▶ **Requirement**
The needed output is the run of lines below from the one containing "Camera / camera" through the one containing "preloved joger osella", copied exactly and free of pictures.

▶ **Data for processing**
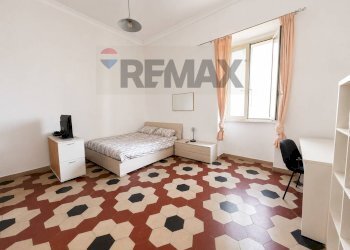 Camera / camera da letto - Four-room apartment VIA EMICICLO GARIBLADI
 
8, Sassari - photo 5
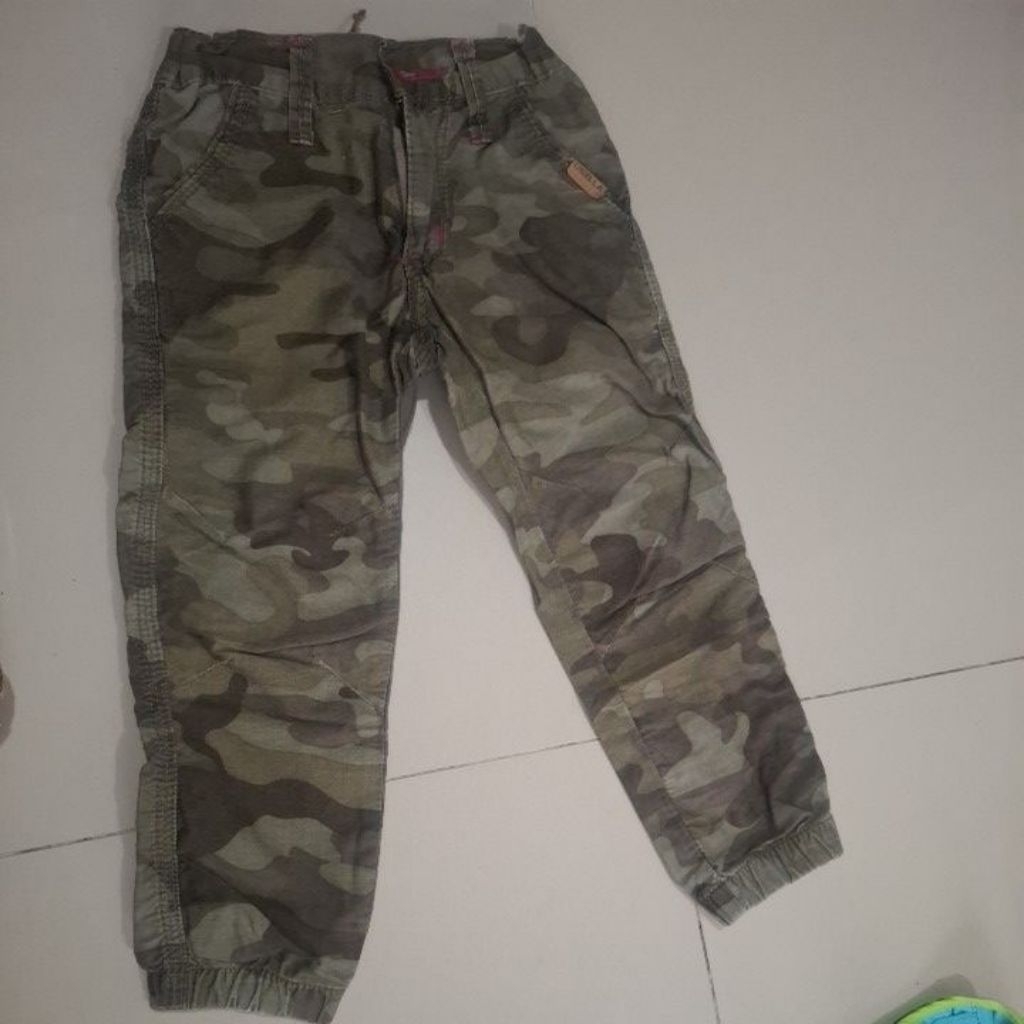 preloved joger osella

* * *

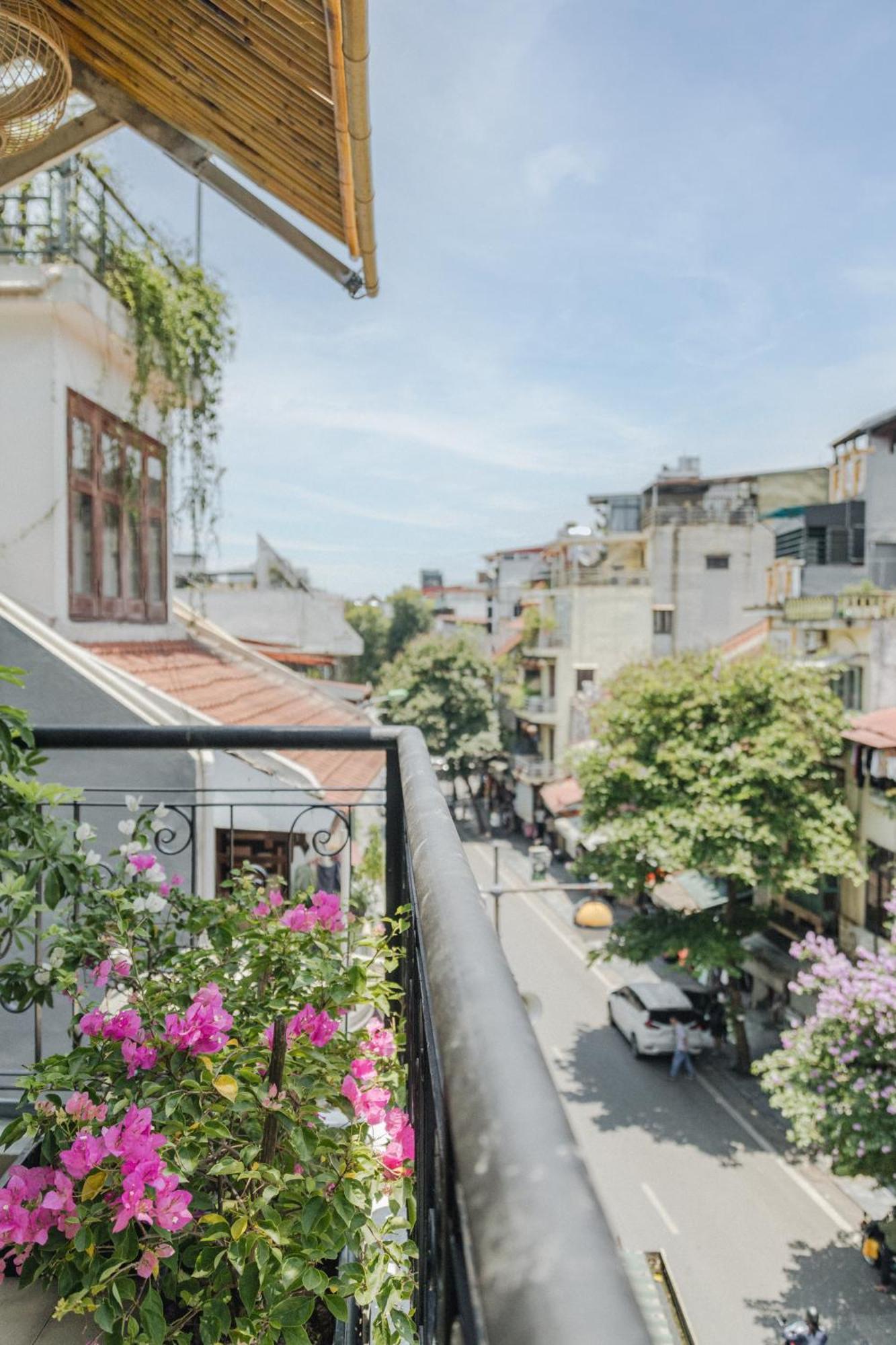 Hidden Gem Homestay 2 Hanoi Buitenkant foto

▶ **Final answer**
 Camera / camera da letto - Four-room apartment VIA EMICICLO GARIBLADI
 
8, Sassari - photo 5
 preloved joger osella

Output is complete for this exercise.